I have seen, however, other folks using this as an opportunity to link to the recent BMJ publication regarding adverse events and corticosteroid exposures. Without delving into that publication in detail, it would be a mistake to generalize those data to this population. That said, systemic corticosteroids are certainly not harmless. These authors rather ludicrously state “Short courses of oral steroids have been shown to be safe, in the absence of contraindications” – justified by a citation from 1982.

The final answer is somewhere in between our two friends above.
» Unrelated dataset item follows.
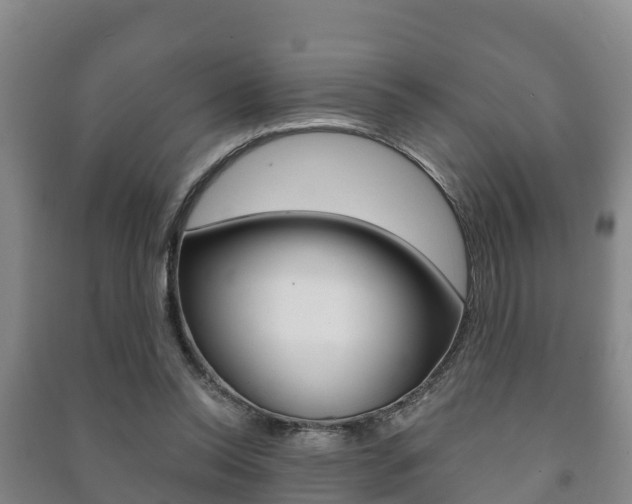 X0000091460350200708161112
Dexamethasone will help some patients with symptom relief from pharyngitis, and it will harm some.  Teasing out a prediction of the optimal risk/benefit for a patient is substantially challenging – and wide practice variation is justifiable from these data, as long as it is acknowledged the uncertainty in the evidence base.

“Effect of Oral Dexamethasone Without Immediate Antibiotics vs Placebo on Acute Sore Throat in Adults”

PECARN, CATCH, CHALICE … or None of the Above?

The decision instrument used to determine the need for neuroimaging in minor head trauma essentially a question of location. If you’re in the U.S., the guidelines feature PECARN. In Canada, CATCH. In the U.K., CHALICE. But, there’s a whole big world out there – what ought they use?

This is a prospective observational study from two countries out in that big remainder of the world – Australia and New Zealand. Over approximately 3.5 years, these authors enrolled patients with non-trivial mild head injuries (GCS 13-15) and tabulated various rule criteria and outcomes. Each rule has slightly different entry criteria and purpose, but over the course of the study, 20,317 patients were gathered for their comparative analysis.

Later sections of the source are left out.